Segment Start: Data under study

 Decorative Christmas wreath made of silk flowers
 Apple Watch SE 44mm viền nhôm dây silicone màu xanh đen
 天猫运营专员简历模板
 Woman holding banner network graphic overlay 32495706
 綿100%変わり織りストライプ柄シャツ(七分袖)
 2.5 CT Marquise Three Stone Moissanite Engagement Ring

Segment End: Data under study
Segment Start: Data under study

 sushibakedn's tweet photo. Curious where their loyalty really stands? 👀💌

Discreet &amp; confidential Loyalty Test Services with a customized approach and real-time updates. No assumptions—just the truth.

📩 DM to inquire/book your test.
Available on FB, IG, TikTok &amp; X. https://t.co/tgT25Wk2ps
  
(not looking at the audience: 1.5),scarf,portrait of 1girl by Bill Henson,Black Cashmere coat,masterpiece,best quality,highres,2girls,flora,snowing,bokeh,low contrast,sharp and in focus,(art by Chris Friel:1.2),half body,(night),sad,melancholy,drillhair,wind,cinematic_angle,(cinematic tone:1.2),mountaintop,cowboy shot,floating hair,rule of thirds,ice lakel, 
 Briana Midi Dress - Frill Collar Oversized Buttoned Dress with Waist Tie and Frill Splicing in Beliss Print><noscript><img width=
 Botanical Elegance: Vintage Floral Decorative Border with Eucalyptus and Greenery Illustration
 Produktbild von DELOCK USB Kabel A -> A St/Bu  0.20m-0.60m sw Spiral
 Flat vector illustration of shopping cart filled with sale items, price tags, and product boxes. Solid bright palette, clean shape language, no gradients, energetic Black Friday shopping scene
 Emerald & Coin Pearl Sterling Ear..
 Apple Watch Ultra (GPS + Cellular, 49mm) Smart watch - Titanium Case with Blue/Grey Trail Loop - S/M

Segment End: Data under study

• **What needs to be done**: Please give back, exactly as it stands above, the stretch from the line with "Produktbild von DELOCK" through the line with "Apple Watch Ultra", and no line outside it.

• **Solution for this problem**:
 Produktbild von DELOCK USB Kabel A -> A St/Bu  0.20m-0.60m sw Spiral
 Flat vector illustration of shopping cart filled with sale items, price tags, and product boxes. Solid bright palette, clean shape language, no gradients, energetic Black Friday shopping scene
 Emerald & Coin Pearl Sterling Ear..
 Apple Watch Ultra (GPS + Cellular, 49mm) Smart watch - Titanium Case with Blue/Grey Trail Loop - S/M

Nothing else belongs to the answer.